There are a number of reasons that people decide to go to law school. Some want to help people navigate family court situations. Others wish to specialize in injury law. Some people focus on criminal law, business law, or environmental law. Regardless of where you wish to focus your energy after you graduate from law school, the first hurdle you'll need to pass is how to pay for your education. These ideas may help you along the way.

1. Consider Your Current Loan Options

Chances are you probably already took out some sort of student loan when you were in your undergraduate program. Do you have the option to complete a student loan refinance? Refinancing your loans can put more money in your pocket now, allowing you to pay for law school more easily. You might also consider taking out additional loans for going to law school. You get PLUS loans, which do not have limits, or direct unsubsidized loans, which give you up to $20,500 per year, through the government. If you have good credit and would prefer, you can also consider private student loans, although they can be riskier.

2. Apply For Scholarships

Scholarships are an excellent way to help you pay for law school because you won't need to pay them back after you graduate. Most of the time, law school scholarships come from the schools themselves, although there may be other options if you search for them. Private scholarships from law firms or community organizations may also be available. People who earn high scores on their LSATs or GREs and those who have excellent resumes are more likely to be considered for and awarded scholarships. For an even higher chance, apply to schools where your scores are higher than the average. 

3. Get a Job

For many people, the only way they can pay for law school is to work part- or full-time while they're attending school. If you're not keen on taking out more loans and don't qualify for any scholarships, then getting a job is probably the best idea. If you can find work in a law firm, it will do double duty by helping you pay for law school as well as looking good on your resume. Whether you work part-time or full-time, keep in mind that you may need to take longer to finish law school. That isn't necessarily a bad thing, though, as you'll be building more experience along the way.
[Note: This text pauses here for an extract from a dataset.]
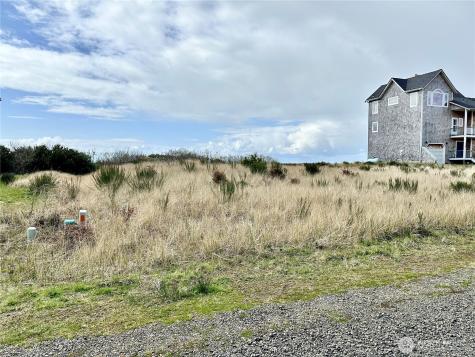 132 Dunes Lane Ocean Shores WA 98569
4. Do Gig Work on the Side

If you don't want to work a traditional job but still need to bring in money, consider doing gig work between classes. If you have a car on campus, you can drive for ridesharing services. Maybe you prefer to deliver takeout to the other students on campus, or perhaps you're an excellent grocery shopper and want to do it for other people. There are even tutoring services, cleaning services, and other errand-running apps that all rely on gig workers. Gig work means you're an independent contractor, so you'll be able to work as much or as little as you'd like while you're taking classes.

5. Use Military Financial Aid

If you've spent time in the military, you may eligible for one or more of its financial aid programs. If you've already finished your service, look for schools that participate in the Yellow Ribbon Program. They'll provide some of the funding for your education, and the Department of Veterans Affairs will match their contributions. If you're still on active duty, apply for the Funded Legal Education Program. FLEP participants agree to work as military attorneys for a specific number of years in exchange for tuition and boarding expenses. 

Law school costs an average of $40,000-$50,000 per year, depending on whether you choose a public or private school. The best time to start planning how to pay for your education is now. Use these tips to help you determine what the right course of action is for you.